Approov holds a US patent (US 11,163,858 B2) for cryptographic client software attestation, i.e. the ability to prove at runtime that the software initiating an API call is genuine, unmodified, and executing on a non-compromised device. We support iOS, Android (GMS and non-GMS), and HarmonyOS NEXT, covering the full world-wide spectrum of mobile surfaces on which AI agents will increasingly operate.

The architecture is straightforward in principle, though technically demanding in execution. Before any API call is honored, the calling runtime app (whether a mobile application or an AI agent SDK) must obtain a short-lived cryptographic attestation token. That token proves three things: the software is the genuine, unmodified version; it is running on a clean device; and it has not been tampered with at the binary level. The token is short-lived by design, limiting blast radius if it is intercepted. Replay attacks, a particular concern in agentic workflows where API call patterns are predictable, are defeated by the challenge-response model.

Shipping a production agent requires sandboxed code execution, checkpointing, credential management, scoped permissions, and end-to-end tracing. Anthropic's own documentation identifies credential management and scoped permissions as critical requirements for production agentic deployments. Attestation is the architectural primitive that makes both of those requirements enforceable — because without knowing that the calling runtime is genuine, neither credentials nor permissions can be meaningfully scoped.

The Android 17 Window

The urgency of this is compounded by a platform inflection point that is receiving less attention than it deserves. Android 17, expected later in 2026, introduces enhanced platform-level attestation APIs that will materially strengthen hardware-backed verification on Android devices. This is significant not just for mobile application security, but for every AI agent that will operate on or through an Android surface — which, given Android's global market share, is a very large number.

The window between now and Android 17's general availability is the moment to establish the reference architecture for mobile agentic attestation. Once the market fragments around competing approaches — some hardware-backed, some software-only, some cloud-proxied — the cost of retrofitting a security standard onto deployed agent infrastructure becomes prohibitive.

The Trust Stack for Agentic AI

Approov operates as a Cloudflare technology partner for mobile API security. Cloudflare provides network-level security and routing for AI workloads through bot management, API Shield, Workers AI and AI Gateway. Anthropic can also provide the intelligence layer through Claude Managed Agents.

The combination creates a coherent trust stack: Anthropic can provide the agent intelligence, Cloudflare secures the network layer, and Approov provides the cryptographic proof that the agent runtime itself has not been compromised before the call reaches the network. Each layer is necessary.
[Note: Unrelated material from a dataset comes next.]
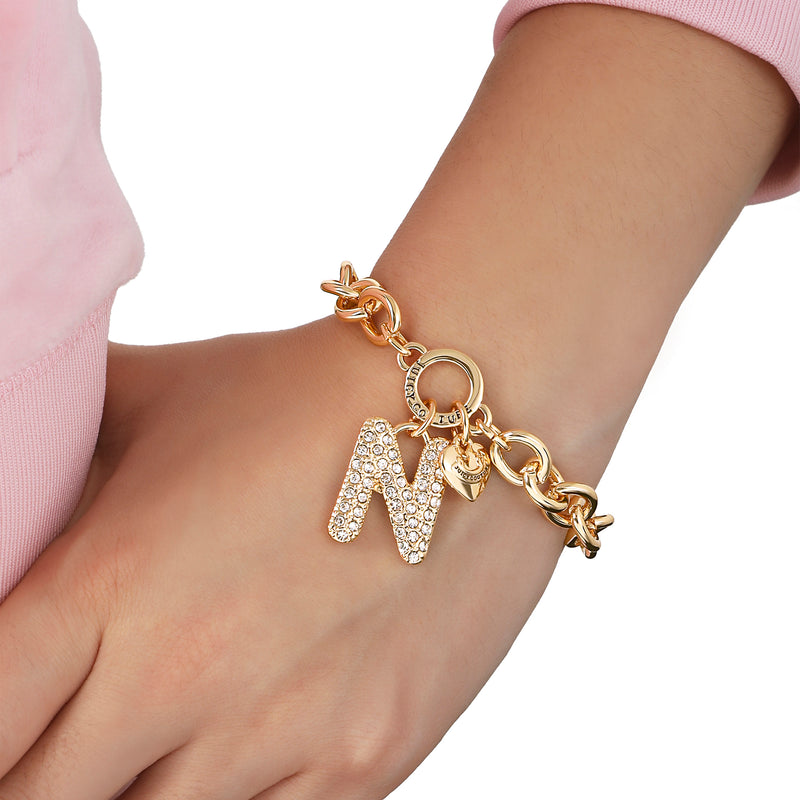 Worn on the wrist with a light pink long-sleeve top, the Pavé Initial Charm Bracelet, Letter N features a gold chunky design adorned with a large rhinestone-studded “N” charm and a small heart charm for an elegant finishing touch.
None is sufficient alone.

Dario Amodei wrote: "The dangers of getting this wrong are obvious, but if we get it right, there is a real opportunity to create a fundamentally more secure internet and world than we had before the advent of AI-powered cyber capabilities."

I share that conviction. But getting it right requires closing the attestation gap at the runtime layer not just at the network or identity layer. The meeting in Washington this week was a warning signal. The banks heard it. Enterprise security architects deploying AI agents on mobile surfaces should hear it too.

The bots now have brains. The question is whether we can prove which bots are trustworthy before they start making decisions at machine speed.